Naive politicians duped by the asset-strippers
The naivety of supposedly business-savvy political leaders when it comes to accepting the jobs, pensions and investment pledges made by corporate marauders knows no bounds. In February the Business Secretary Greg Clark accepted the assurances of Peugeot bosses that if they were allowed to take over American-owned Vauxhall in Britain, ‘commitments to the UK plants would be honoured’.
eight months on we know the truth. Just a few weeks after finalising the £1.8billion deal in August, the new owners in Paris are taking an axe to the workforce at Vauxhall’s ellesmere Port plant in Cheshire, cutting 400 jobs.
ellesmere Port is home to Vauxhall’s Astra marque. Some 120,000 cars rolled off the production line there last year when the company celebrated production of four million motor vehicles.

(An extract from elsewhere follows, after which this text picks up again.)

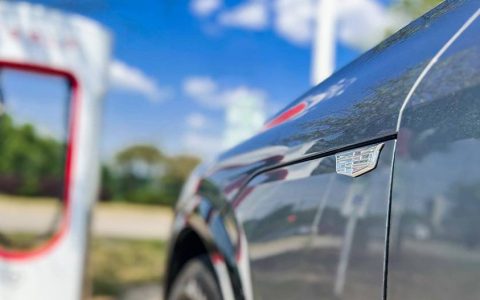 美国传统/新创车厂大联盟！ Rivian 加入特斯拉开放的 NACS 充电标准，现代汽车也释出加入意愿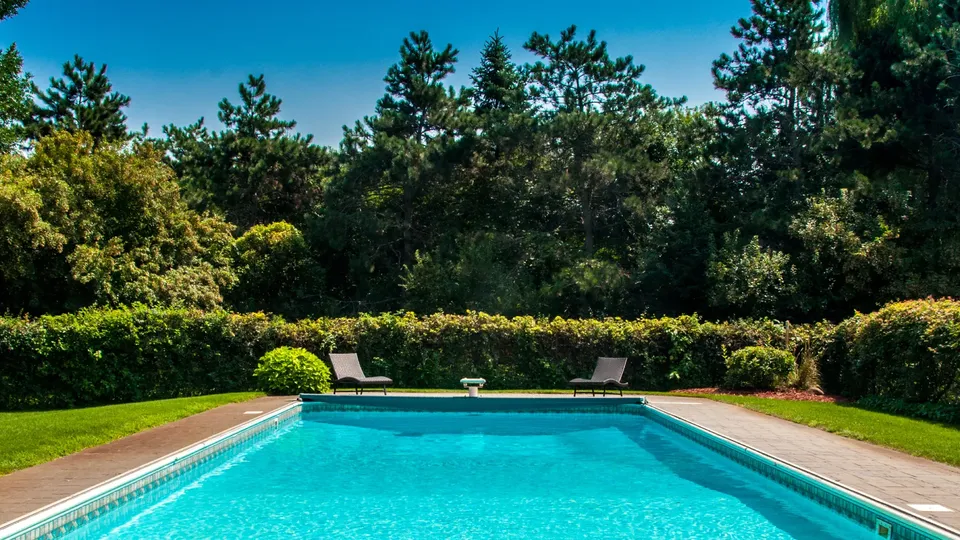 Pool i en have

I have been reliably told by a former director of General Motors, which had owned Vauxhall since 1925, that when it conducted an efficiency analysis of all its plants, ellesmere Port was among the most productive.
Now Peugeot says consumers are more interested in sports utility vehicles than the five-door saloons made in Cheshire and it is concerned by Brexit. If that was the case, why did it buy Vauxhall when everyone knew Britain had voted to leave the eU?

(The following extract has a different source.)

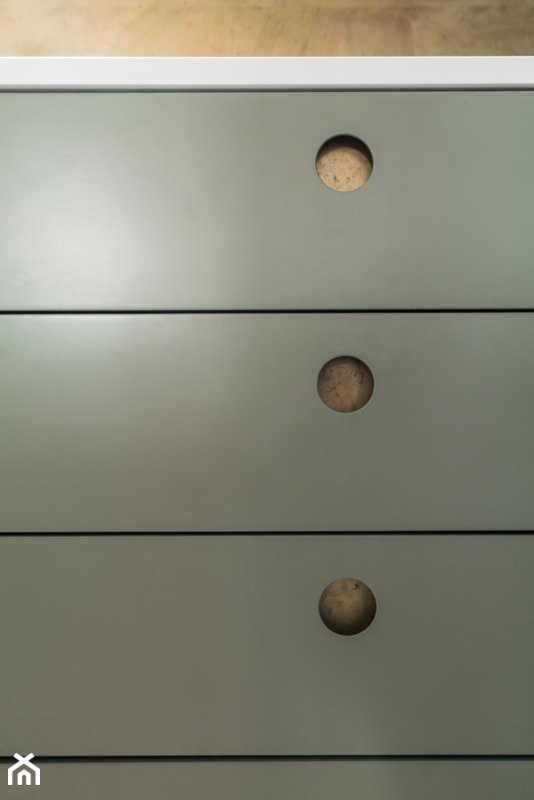 białe drewniane dębowe blaty, uchwyty mosiężne okrągłe, panel mosiężny,,yspa - zdjęcie od WOODYOU Sebastian Grabarczyk - Homebook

In allowing Peugeot to buy Vauxhall, Clark and the Government ignored a basic principle. When it comes to cutting jobs and making new investments, foreign owners always place their national interest first.
This is particularly true in the case of Peugeot where a French government agency still owns 12.7 per cent of the shares, having rescued it from collapse a few years earlier.

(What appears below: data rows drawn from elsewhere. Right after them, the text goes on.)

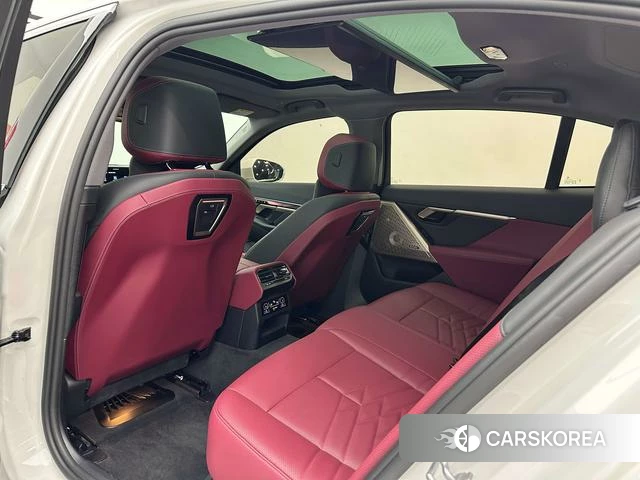 BMW 5 series 2025 Белый из Китая, фото 2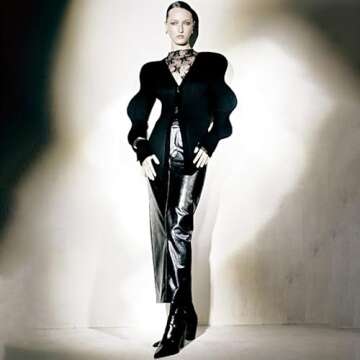 URBAN REVIVO Women Cardigan Sweaters Long Sleeve Knitted V-Neck Open Front Button Down Outwear Trendy Fall Winter Spring Black, Large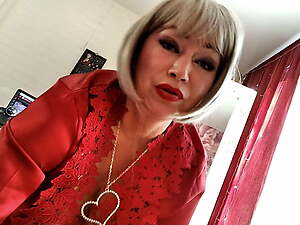 Hot POV fuck-session by mature russian couple: blowjob, mirror and reverse cowgirl close up .!. )))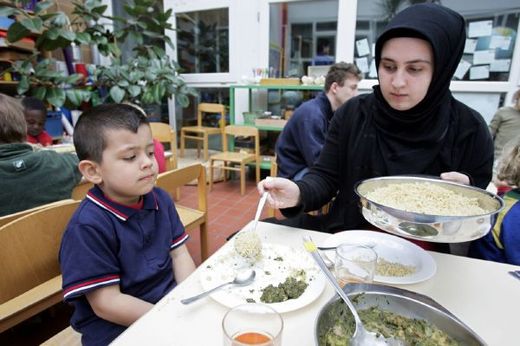 Muslimové v Německu problémy s plozením dětí nemají. Na jednu ženu jich připadá zhruba 2,2.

We should not be surprised by the perfidy of Vauxhall’s new owners. Recent corporate history is strewn with the remnants of companies which reneged on promises. As the new owners of Cadbury, the American processed cheese group Kraft (partly renamed Mondelez) vowed faithfully to keep Wispa bar production at the Somer dale plant near Bristol.
Within weeks it had closed it down and moved the jobs to Poland. The headquarters shutdown in Slough rapidly followed as Cadbury’s tax domicile was shifted to Switzerland. Faced with immediate plant closures and manufacturing losses, successive governments too often sell to unsuitable and sometimes unscrupulous buyers so as to avoid the immediate political hit. But as is the case with Peugeot, the quick and easy sale often comes back to embarrass government soon afterwards.
The authorities seem to have accepted that the best way of preserving steel jobs at Port Talbot in South Wales is for Tata Steel (part of the former British Steel) to throw in its lot with Germany’s Thyssenkrupp. In effect this makes the livelihood of 130,000 British Steel pension scheme members dependent on a German-based super steel producer with little loyalty to Britain.
The politicians will argue that they have little choice in a free market economy which prides itself on steering clear of 1970s style bailouts. But it is already evident that the market problems which have forced Tata Steel to sell already are over and the company is making thumping great profits again. When it comes to making jobs safe, guaranteeing future investment in the UK and protecting pensions overseas, corporations have shown how easy it is to pull the wool over the eyes of government.
As the recent Commission on economic Justice found, overseas owners of British companies have proved poor stewards. It is far easier to slough off obligations made to British workers and authorities than in their home markets. The asset-stripping and exploitation of British employees has gone on for far too long. Owners who fail to live up to their responsibilities must be punished by regulators and in the courts.